UK begins to vaccinate other gay men and is at high risk of contracting the ‘Monkeypox’ virus, British health officials announced Tuesday.
Experts are considering vaccinating men at high risk of contracting the ‘Monkeypox’ virus, the UK Health Safety Agency said in a statement.
The commission found that it is a high-risk group of men who have sex with men and who have multiple partners, who have sex in groups or go to places where they have sex.
“By increasing the availability of immunizations in high-risk populations, we hope to eliminate the chain of transmission and help spread,” said Mary Ramsay, head of immunization at the British Health Organization.
Last month, the World Health Organization (WHO) chief adviser stressed that the ‘Monkeypox’ outbreak outside Africa must have spread to men in ‘rave’ in Spain and Belgium.
In the past, vaccines were only available to health care workers who cared for infected patients or cleaners who had killed germs in infected areas.

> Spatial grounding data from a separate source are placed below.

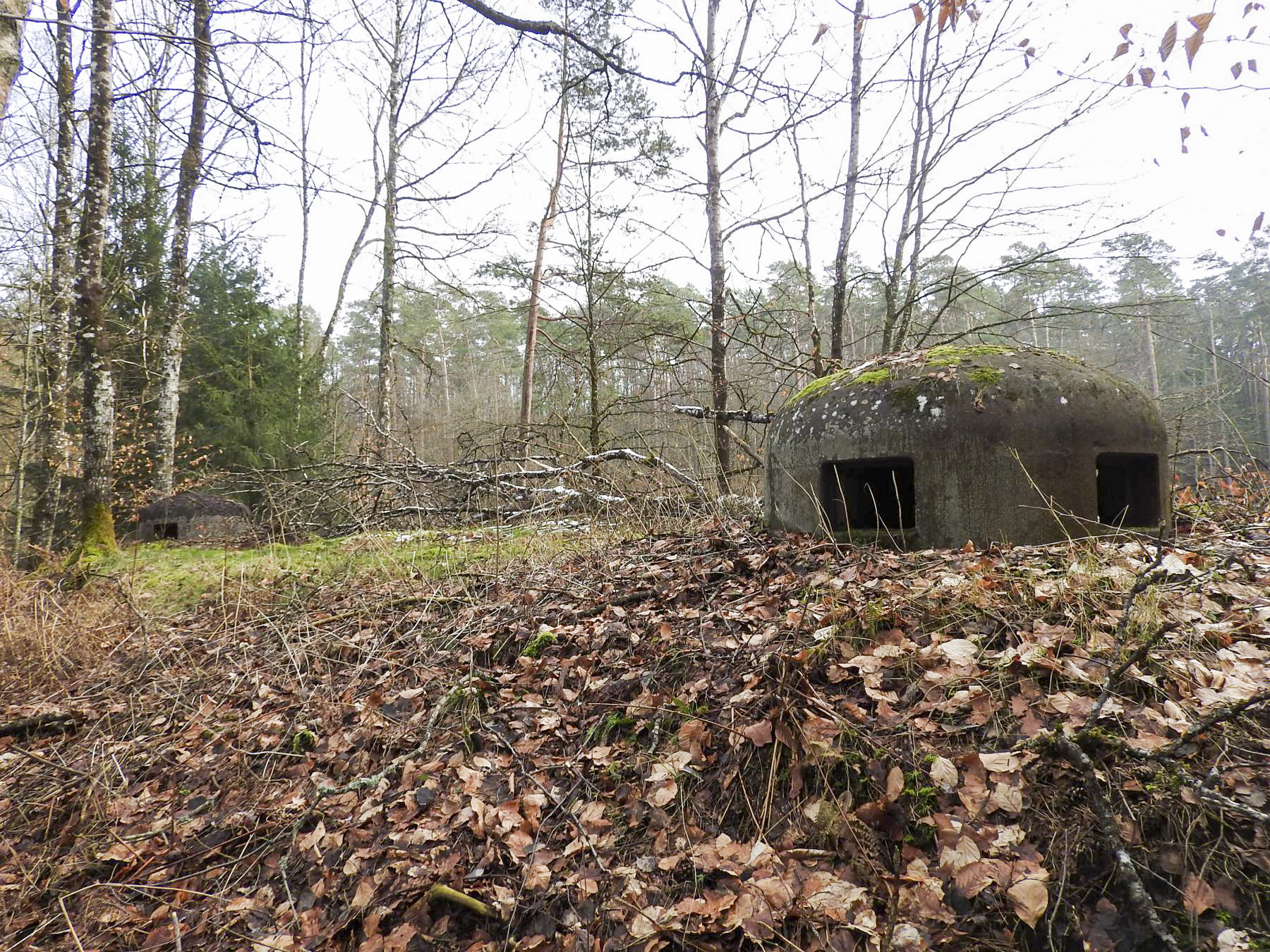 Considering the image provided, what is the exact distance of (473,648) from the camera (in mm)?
3889

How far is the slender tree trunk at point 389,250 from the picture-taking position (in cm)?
1166

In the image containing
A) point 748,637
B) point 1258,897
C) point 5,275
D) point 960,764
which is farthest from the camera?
point 5,275

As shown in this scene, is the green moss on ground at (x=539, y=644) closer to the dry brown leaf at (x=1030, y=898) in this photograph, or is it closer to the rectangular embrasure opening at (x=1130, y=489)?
the dry brown leaf at (x=1030, y=898)

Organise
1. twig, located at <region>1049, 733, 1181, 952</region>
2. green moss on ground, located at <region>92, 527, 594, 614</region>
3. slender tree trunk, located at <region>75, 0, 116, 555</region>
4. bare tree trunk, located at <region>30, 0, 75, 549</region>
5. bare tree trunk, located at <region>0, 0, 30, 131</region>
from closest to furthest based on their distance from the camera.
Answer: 1. twig, located at <region>1049, 733, 1181, 952</region>
2. bare tree trunk, located at <region>0, 0, 30, 131</region>
3. green moss on ground, located at <region>92, 527, 594, 614</region>
4. slender tree trunk, located at <region>75, 0, 116, 555</region>
5. bare tree trunk, located at <region>30, 0, 75, 549</region>

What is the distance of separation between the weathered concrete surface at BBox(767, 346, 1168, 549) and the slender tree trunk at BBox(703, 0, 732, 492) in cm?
447

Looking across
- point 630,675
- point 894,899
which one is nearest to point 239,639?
point 630,675

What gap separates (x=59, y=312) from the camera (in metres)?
8.45

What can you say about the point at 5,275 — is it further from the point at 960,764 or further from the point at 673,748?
the point at 960,764

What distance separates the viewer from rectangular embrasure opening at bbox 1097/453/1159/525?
13.1 ft

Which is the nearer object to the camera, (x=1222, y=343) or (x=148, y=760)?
(x=148, y=760)

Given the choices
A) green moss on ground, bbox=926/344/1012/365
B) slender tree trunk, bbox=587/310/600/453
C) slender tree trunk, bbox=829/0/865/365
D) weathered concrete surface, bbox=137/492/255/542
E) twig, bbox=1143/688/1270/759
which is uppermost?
slender tree trunk, bbox=829/0/865/365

The vaccine was made in the early stages of smallpox, a related disease, but it is believed to contribute approximately 85% to nyanipox disease.
To date, 99% of ‘Monkeypox’ cases in the UK have been committed among men, with most cases occurring in gay, bisexual, or transgender people.
Scientists warn that anyone who comes in contact with a person who is HIV-positive or whose clothing or clothing is infected may be infected, regardless of their sexual orientation.
There are currently 793 cases of ‘Monkeypox’ in the UK, out of more than 2,100 cases in 42 countries around the world. No deaths have been reported outside Africa.
Portugal on Tuesday filed seven new cases of ‘Monkeypox’ virus, which means that the number has risen to 304 people living with the virus, according to a study by the Directorate-General for Health (DGS).
Until last month, ‘Monkeypox’ was the only major cause of epidemics in Central and West Africa, with Africa reporting more than 1,500 and 72 cases of suspected death.
Vaccines have never been used in Africa to treat monkeys.
Last week, WHO Director-General Tedros Adhanom Ghebreyesus described the spread of ‘Monkeypox’ in countries that have never seen the disease as “strange and painful”.
Tedros Adhanom Ghebreyesus convened an expert meeting Thursday to decide whether the spread should be declared a global catastrophe.
According to health officials, ‘Monkeypox’ infections are usually mild, with most people recovering within a few weeks.
Symptoms include fever, headache, muscle and back pain, swelling of the lymph nodes, chills, fatigue, progression to rash.
The lactation period is usually 6 to 16 days, but can last up to 21 days, and once the rash has subsided, the infected person will no longer be infected.
Portugal receives 2,700 doses of vaccine against the ‘Monkeypox’ virus obtained by the European Commission, the DGS has recently confirmed, which is setting up a technical standard that will outline how to use it.